A Dogecoin Foundation board member lamented that, back in 2014, Dogecoin was always intended to be a joke, so they believed it was not worth registering with the USPTO. But with its meteoric rise, others saw an opportunity to monetize the brand beyond cryptocurrency trading. Now the question becomes—who actually owns rights in the trademark?

First are the issues of priority and abandonment. The Dogecoin Foundation went defunct for several years following its founding in 2014, and only recently relaunched in August 2021. Whether this is abandonment under the Lanham Act will depend on whether use was discontinued with an intent not to resume such use. But the Foundation has an uphill battle because three years of non-use is prima facie evidence of abandonment. And during the that period of non-use, Cook Islands-based company Moon Rabbit AngoZaibatsu LLC applied for DOGECOIN covering blockchain software goods in Class 9, and virtual currency services in Classes 36, 39, and 42 on an intent-to-use basis. Moon Rabbit’s founder claimed that, because the Dogecoin Foundation had gone dormant, it abandoned its use of the DOGECOIN trademark, and thus, Moon Rabbit’s open-source DOGECOIN code had rights to the mark. But the Dogecoin Foundation claims Moon Rabbit is “attempting to profit unfairly off of the goodwill Dogecoin has built,” to the Foundation’s economic detriment. In addition to Moon Rabbit, the Foundation is seeking to enforce its rights through cease and desist letters against numerous other entities, including Dogecoin 2.0, claiming priority to the trademark.
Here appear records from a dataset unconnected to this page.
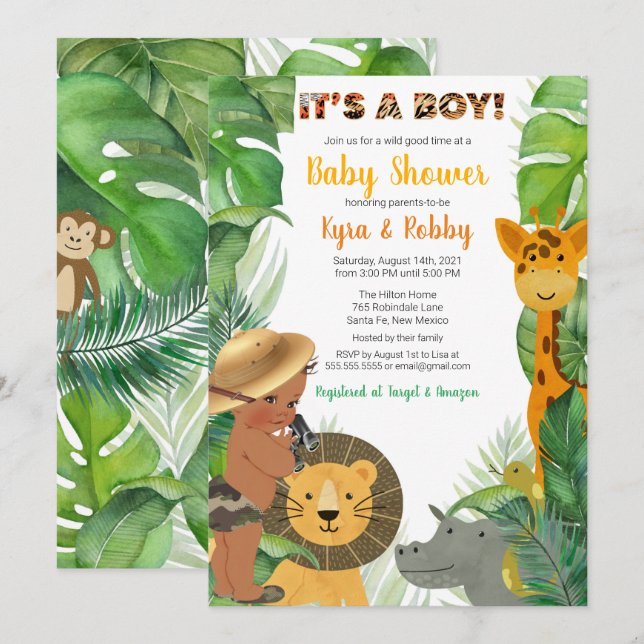Jungle Safari Animals Boy Shower Inbjudningar (Fram/baksida)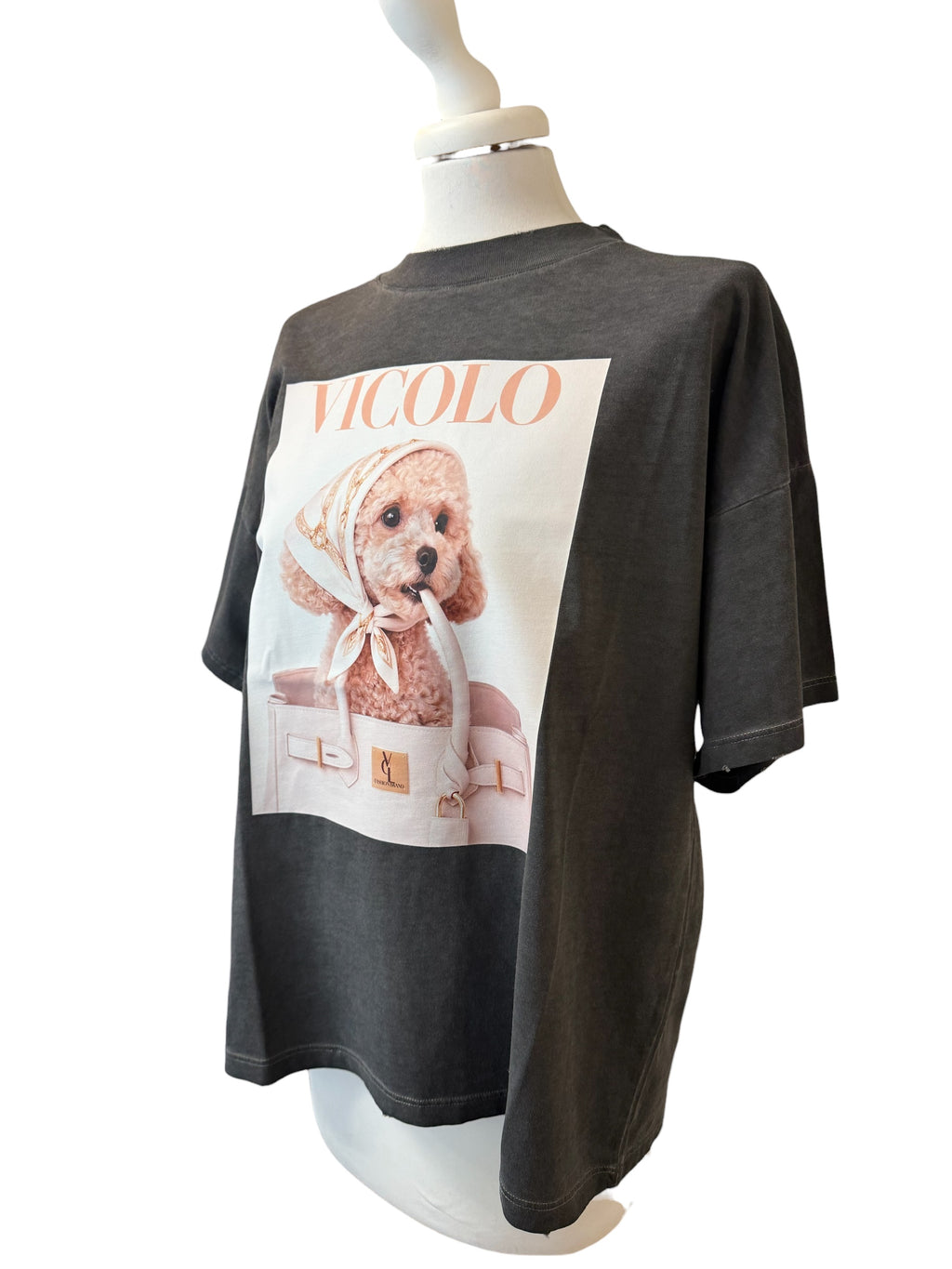 T-shirt grigio stampa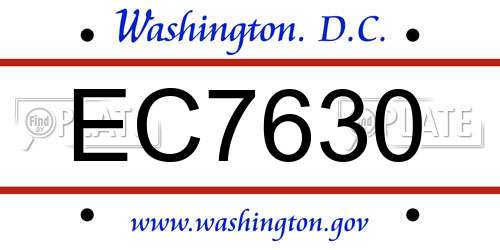 EC7630 District Of Columbia License Plate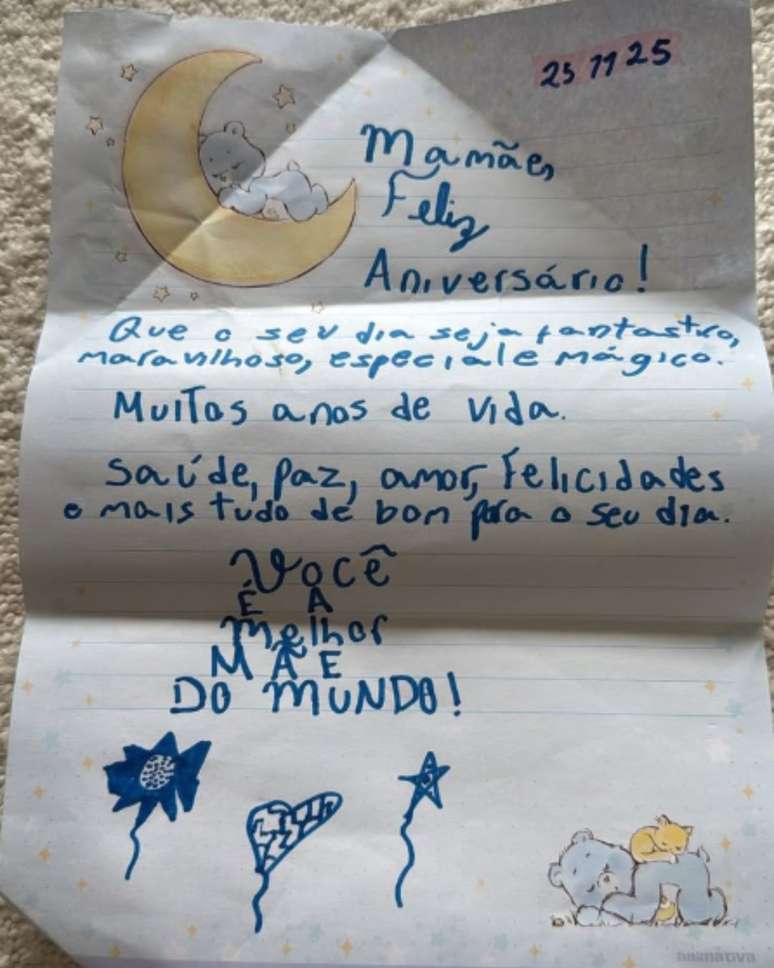 Carta de Maria Ant&ocirc;nia para Ta&iacute;s Ara&uacute;jo
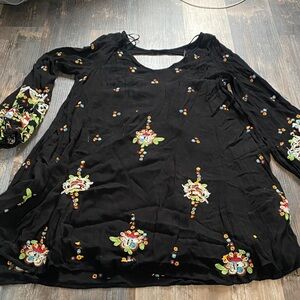 Free People Black Embroidered Dress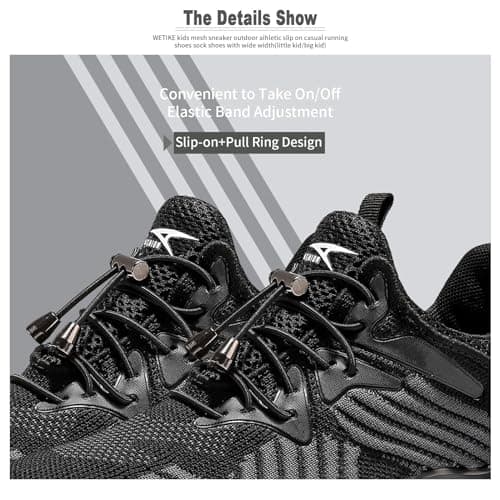 Elaphurus Kids Trainers Mesh Running Shoes Casual Sneaker Lighweight Athletic Shoes for Boys Girls ,BlackAll Black, 5 UK — view 5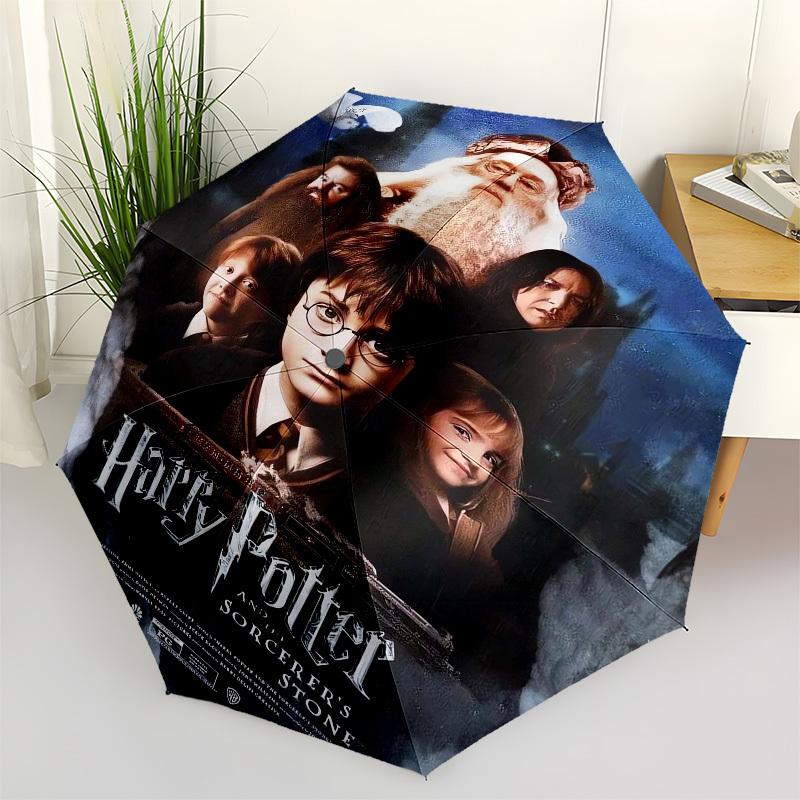 1pc Harry Potter Sorcerer's Stone Umbrella with Plastic Handle,Suitable for All Seasons Travel Outdoor Multi-functional UmbrellaDCS007
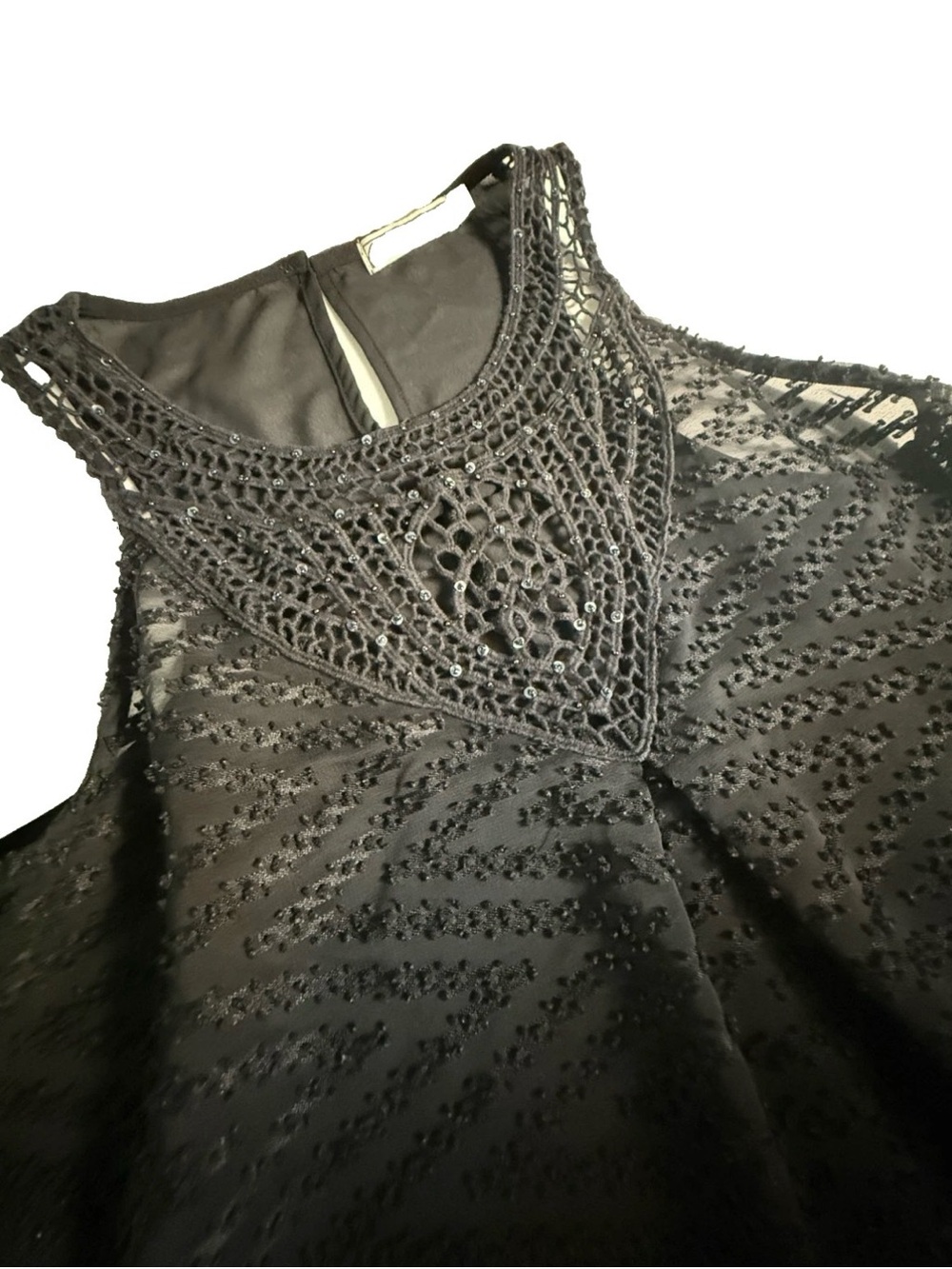 Chloe K Black Boho Crochet Yoke Beaded Camisole Size M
The real legal fights over priority and who can prove exclusive and continuous rights in the trademark will occur when, and if, any of the DOGECOIN applications reach publication or maybe even in federal court.

But speaking of publication, it is unclear if any of these applications will reach that stage because the USPTO’s initial take is that DOGECOIN is descriptive. Many of the more recent applications have not yet been assigned to an examining attorney, but the first-filed application, dated February 3, 2021 for the DOGECOIN DEPOT mark, U.S. Serial No. 90/507,747, owned by a Colorado-based individual, may present as both an obstacle to and a warning case for all subsequently-filed applications. On September 2, 2021, the USPTO issued an Office Action requiring a disclaimer of the term DOGECOIN as it applies to financial services, stating that “purchasers who encounter the word DOGECOIN in connection with the identified services would immediately understand that applicant’s credit union services feature borrowing or repaying loans in cryptocurrency.” We will be watching to see if the applicant accepts the disclaimer or tries to fight against it, which could have far reaching implications for the rest of the Dogcoin pack regardless of how the applicant proceeds. In any case, the DOGECOIN DEPOT mark includes the additional term “DEPOT,” which was not part of the disclaimer requirement, so it will likely still be published for registration on the Principal Register, assuming the owner responds to the Office Action. At that point, we will not be surprised to see an opposition filed by the Foundation.

What started off as a joke has grown into a very real $80 billion dispute. And while it will likely take quite some time to sort out rights in the trademark, one thing is for sure: this dogfight will certainly provide excellent content for years of doge memes to come.

DISCLAIMER: Because of the generality of this update, the information provided herein may not be applicable in all situations and should not be acted upon without specific legal advice based on particular situations.